Right after Kubernetes 1.21, the way Capabilities(7) worked in Kubernetes changed. At that version, a change in the upstream code enforced that Capabilities will only work when runAsUser is set to 0 - meaning root. This is somewhat counterintuitive to what most of us would expect but code goes into the reasoning and how to work with Capabilities after 1.21.

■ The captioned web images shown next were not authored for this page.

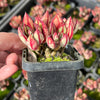 [PACK of 10 PLANTS] x Echeveria nodulosa (3-4heads)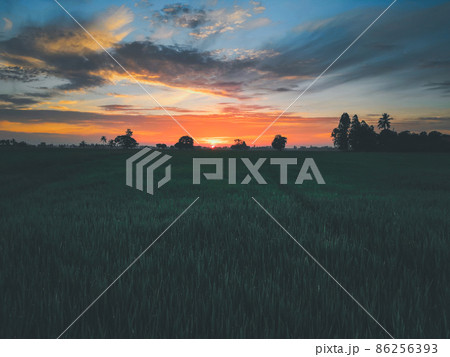 Nature of rice field on rice paddy Nature of rice field on rice paddy 86256393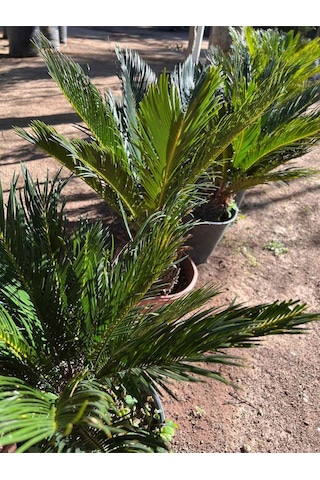 Cycas Revoluta - Sikas Japon Sago Palmiyesi 55-80cm Canlı İç Dış Mekan Bitkisi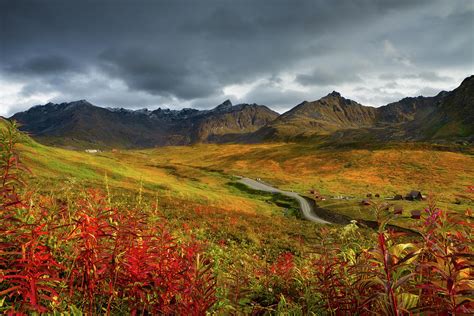 Alaskan Mountains And Tundra In Autumn Photograph by Adria Photography ...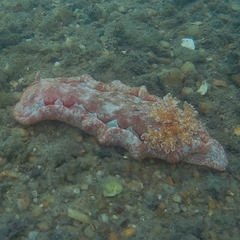 Hexabranchus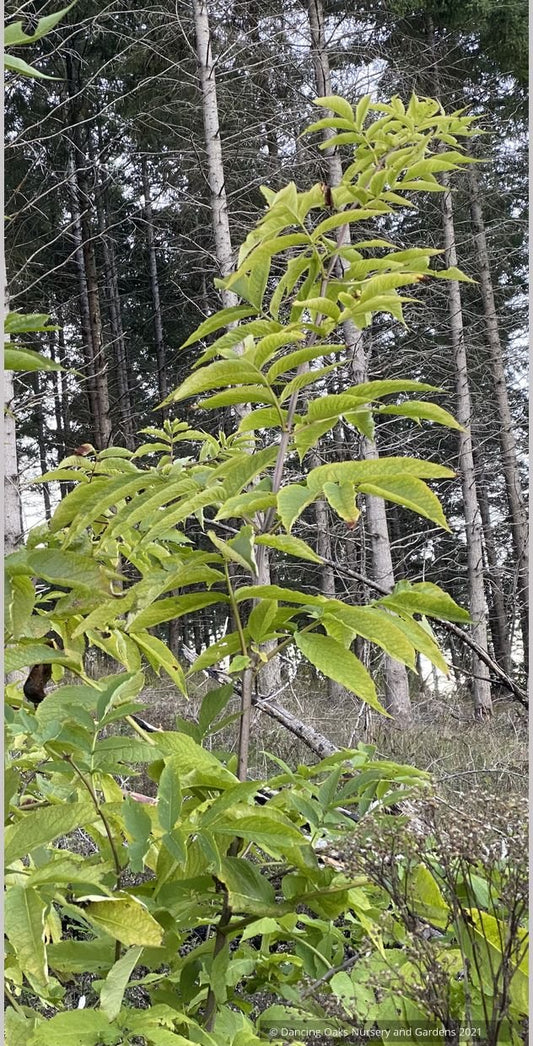 Shrubs ~PNW Native~ Sambucus nigra subsp. cerulea~Blue Elderberry~Dancing Oaks Nursery and Gardens ~ Retail Nursery ~ Mail Order Nursery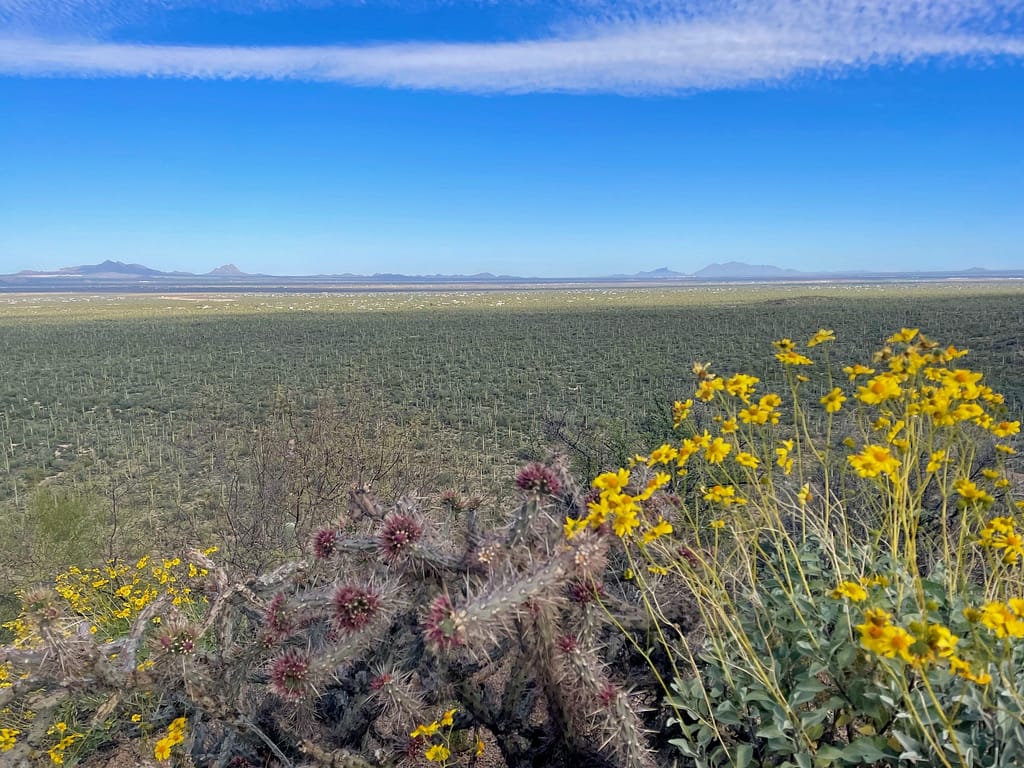 Saguaro National Park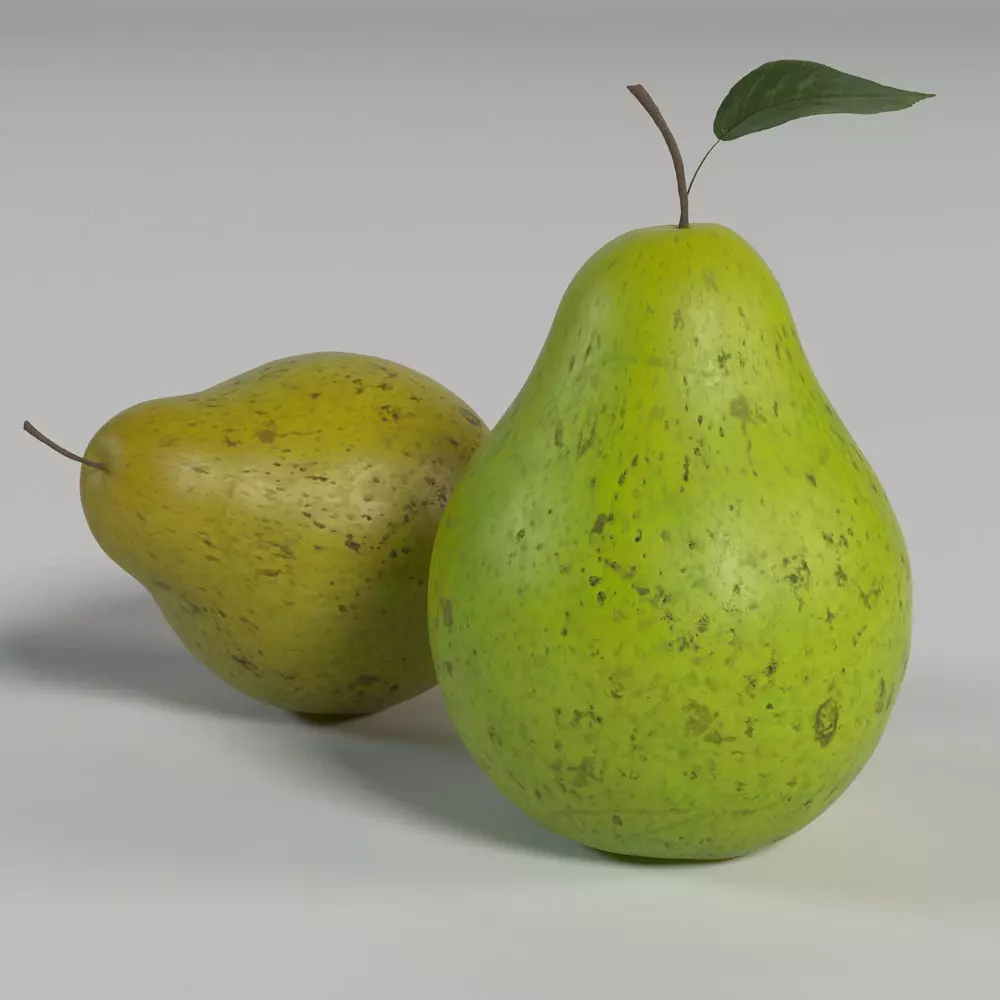 Pear 1 two pears 3D model_0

The code that prevents any user other than root to have capabilities. This was added by the commit referenced here:

	// Clear all ambient capabilities. The implication of non-root + caps
// is not clearly defined in Kubernetes.
// See https://github.com/kubernetes/kubernetes/issues/56374
// Keep docker's behavior for now.
specOpts = append(specOpts,
customopts.WithoutAmbientCaps,
customopts.WithSelinuxLabels(processLabel, mountLabel),
)

On the previous note, we can add/remove capabilities to root - which essentially removes a lot of the superpowers that root have on by default (e.g.: cap_net_admin).

Approaches

  1. Using RunAsUser: 0 but restricting the capabilities in the account

    In the example below we will be granting cap_ipc_lock to the running user (root) and nothing else.

    apiVersion: apps/v1
    kind: Deployment
    metadata:
    labels:
    app: gbbapp
    name: gbbapp
    namespace: ns-gbb
    spec:
    replicas: 1
    selector:
    matchLabels:
    app: gbbapp
    template:
    metadata:
    labels:
    app: gbbapp
    spec:
    containers:
    - name: gbbapp
    image: gbbapp/k8s:cfa
    command: ["/bin/bash"]
    args: ["-c", "sleep 3600"]
    securityContext:
    runAsUser: 0
    capabilities:
    drop: ["ALL"]
    add: ["IPC_LOCK"]
    1. Adding capabilities to binaries during the build process

    It is possible to add capabilities during the build process with docker/podman. With this approach you can remove the RunAsUser parameter altogether. The capabilities added there will persist when the image runs as a container. The following example adds cap_ipc_lock to python3.8

    1. Create a Dockerfile

      FROM ubuntu

      RUN apt-get update && apt-get install -y libcap2-bin && \
      setcap cap_ipc_lock+eip /usr/bin/python3.8

      CMD ["/bin/bash"]
    2. Create an ACR instance

      RESOURCE_GROUP_NAME=rg-setcomp
      LOCATION=westus
      ACR_NAME=myacrname

      az group create --name ${RESOURCE_GROUP_NAME} --location ${LOCATION}
      az acr create -n ${ACR_NAME} -l ${LOCATION}
    3. Add the container to ACR

      az acr build -r ${MY_ACR}/setcomp:{{.Run.ID}} .
    4. Exec into the container and verify that the capability was added by running the getcap command against a binary, which in this case is python3.8:

      $ getcap /usr/bin/python3.8
      /usr/bin/python3.8 = cap_ipc_lock+eip

Conclusion

In this article we've explored how to enable Capabilities for a container and how to limit it's scope. You now have the pieces and bits needed to enable the minimum amount of capabilities for any given container.